* **Work to be completed**
Once the pictures are set aside, reproduce the entries below exactly.

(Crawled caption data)
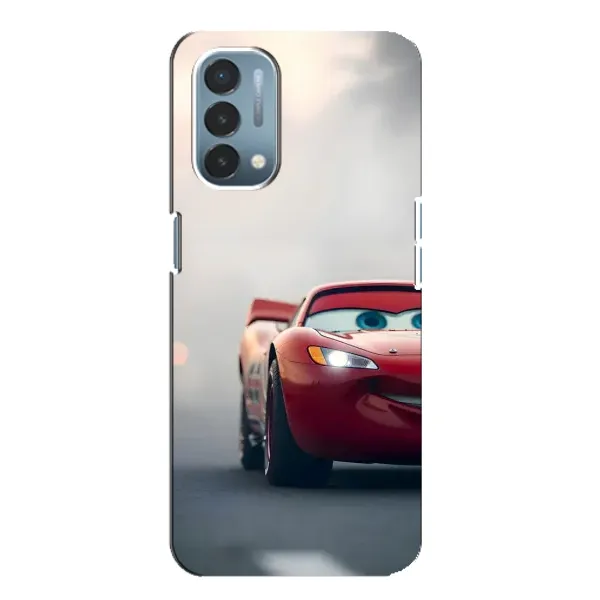 Чохол з принтом «Швидкісний Маквін» для OnePlus Nord N200 5G (DE211)
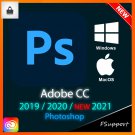Adobe Photoshop 2021 ✔️ Pre-Activited ✅ For Windows/MacOS ✅ Fast Delivery ⚡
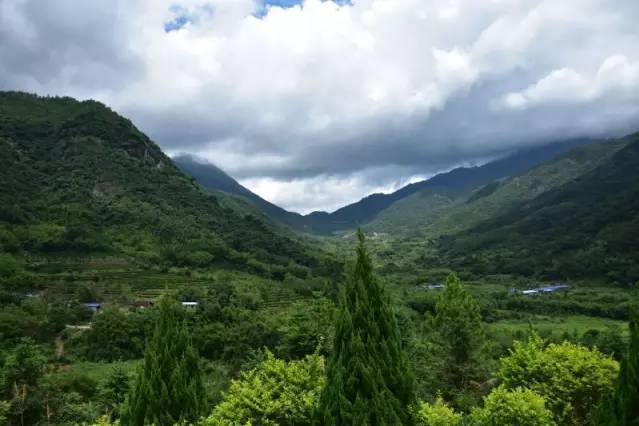 新田山自然村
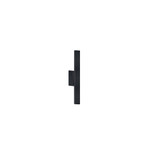 Zarai 12W 1 LED ADA Outdoor Wall Sconce 24 Inch Tall by Justice Design - NSH-7655W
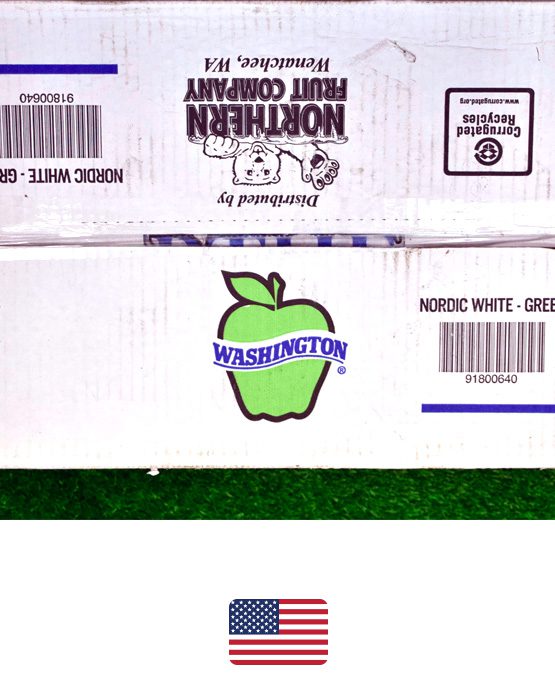 ผลไม้สด-กล่องแอปเปิล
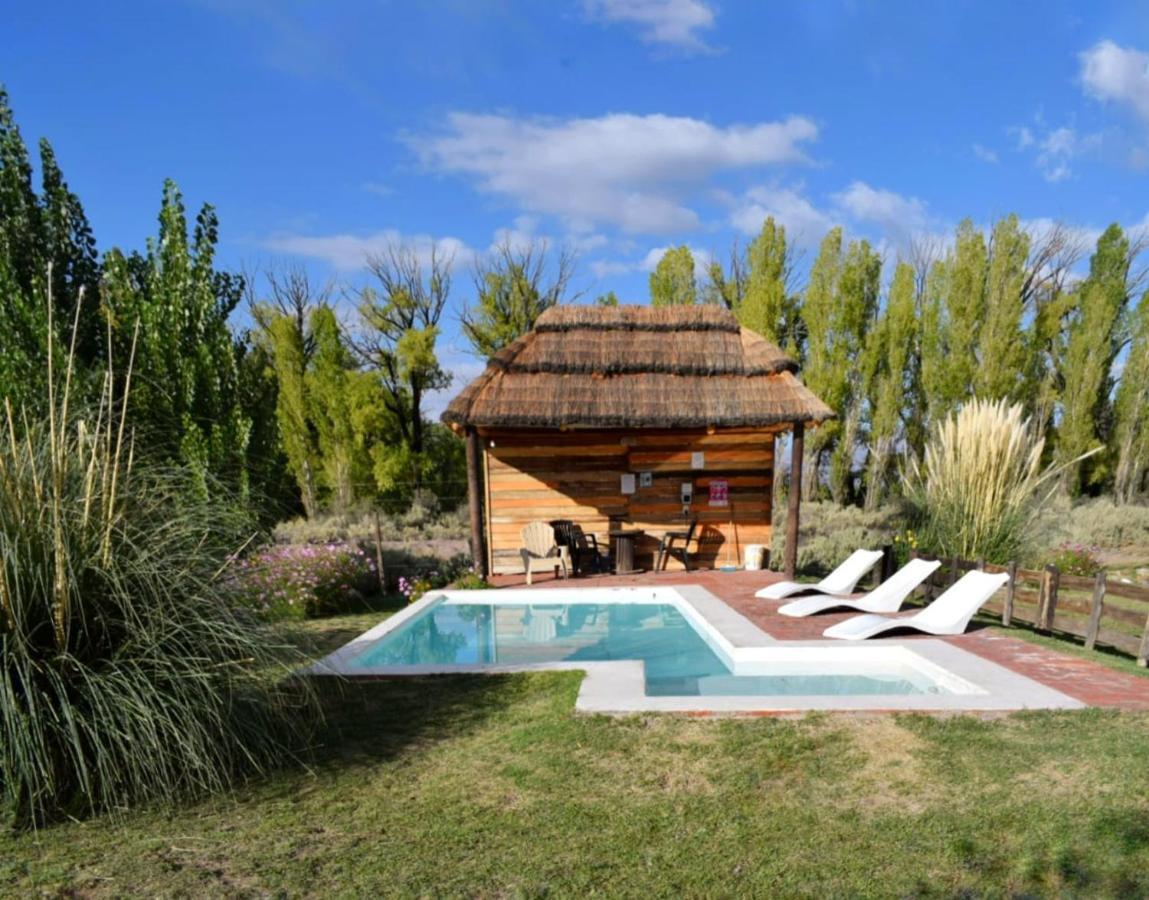 Villa Sol Del Aconcagua à Uspallata Extérieur photo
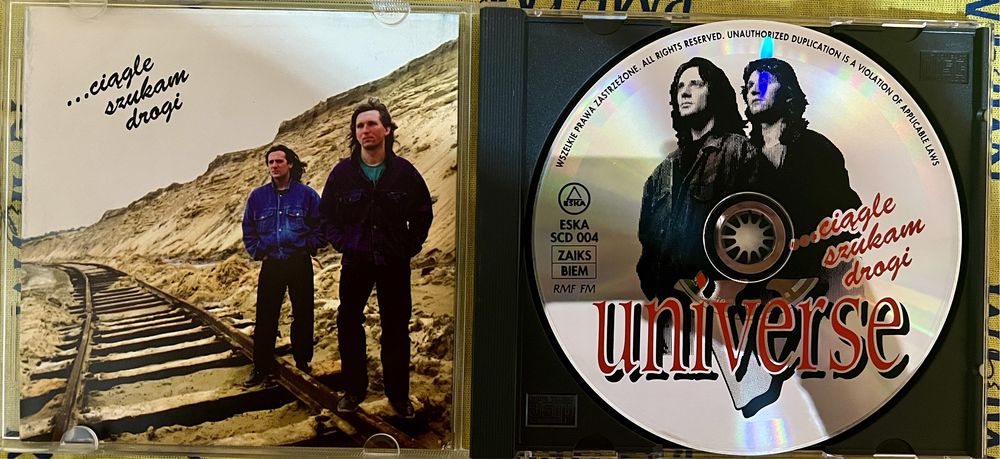 Płyta CD Universe - ciągle szukamdrogi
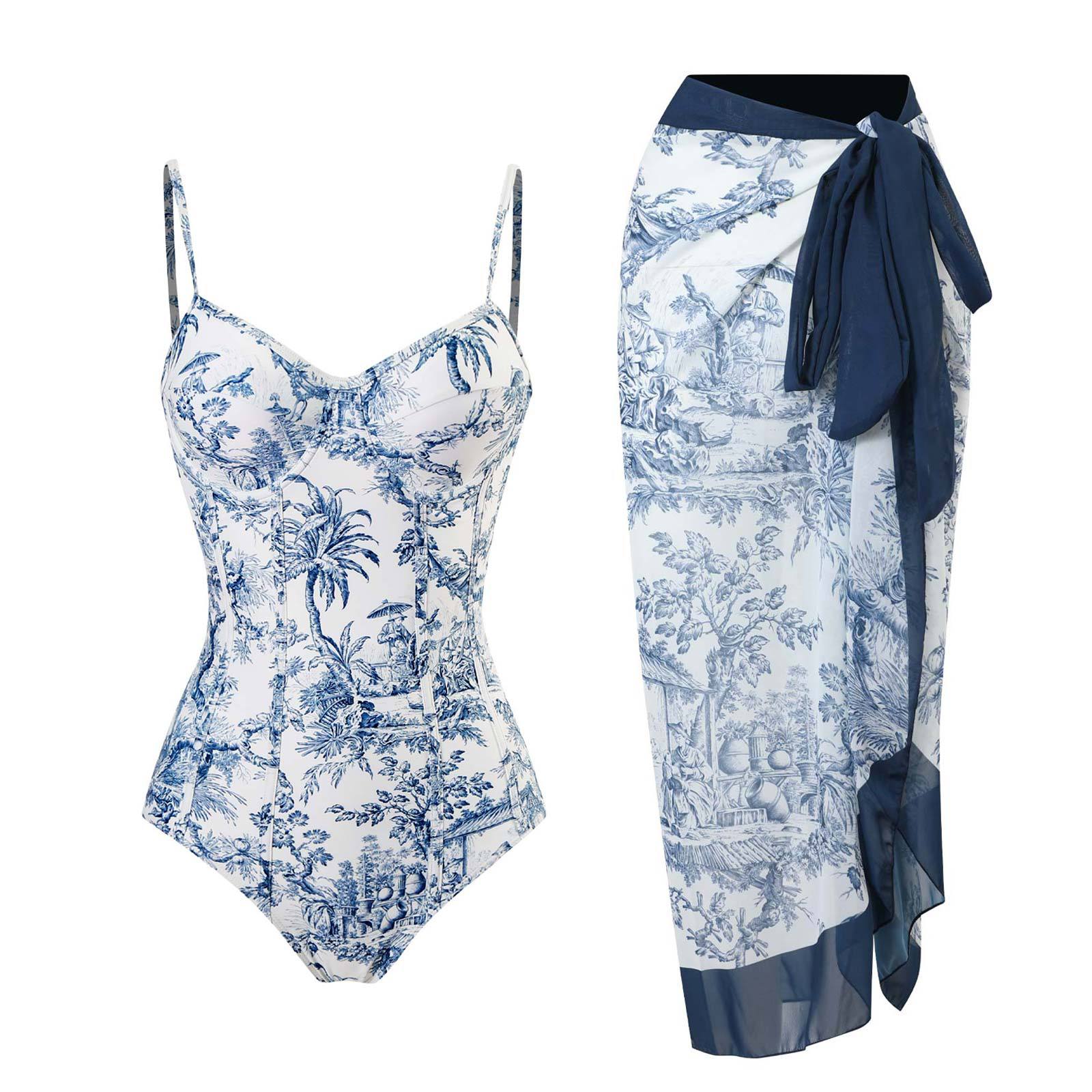 Beautiful swimming suit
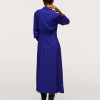 Robe chemise ceinture à nouer
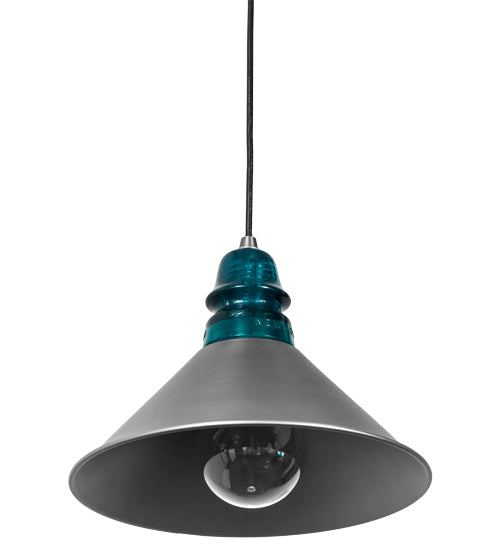 Meyda Tiffany Muncie 162013 Pendant Light - Steel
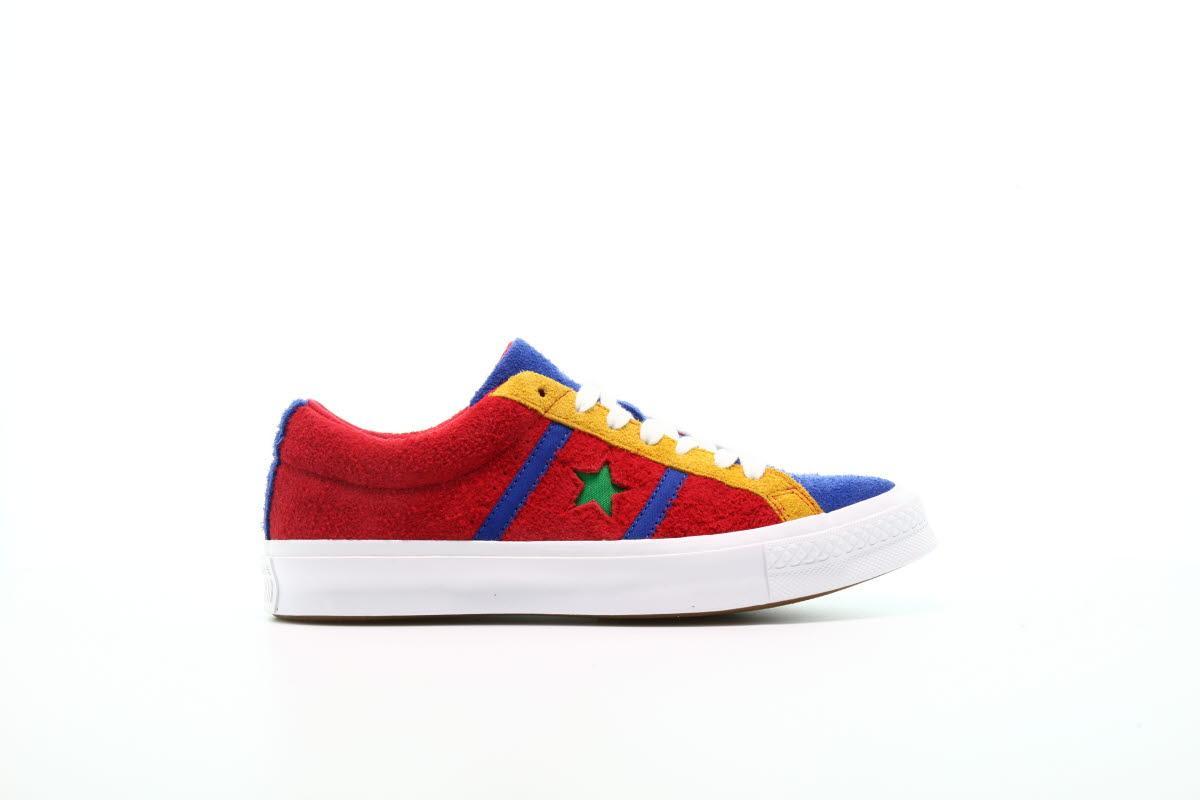 Converse One Star Academy OX "Enamel Red"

* **Answer space**
 Чохол з принтом «Швидкісний Маквін» для OnePlus Nord N200 5G (DE211)
Adobe Photoshop 2021 ✔️ Pre-Activited ✅ For Windows/MacOS ✅ Fast Delivery ⚡
 新田山自然村
 Zarai 12W 1 LED ADA Outdoor Wall Sconce 24 Inch Tall by Justice Design - NSH-7655W
 ผลไม้สด-กล่องแอปเปิล
 Villa Sol Del Aconcagua à Uspallata Extérieur photo
 Płyta CD Universe - ciągle szukamdrogi
 Beautiful swimming suit
 Robe chemise ceinture à nouer
 Meyda Tiffany Muncie 162013 Pendant Light - Steel
 Converse One Star Academy OX "Enamel Red"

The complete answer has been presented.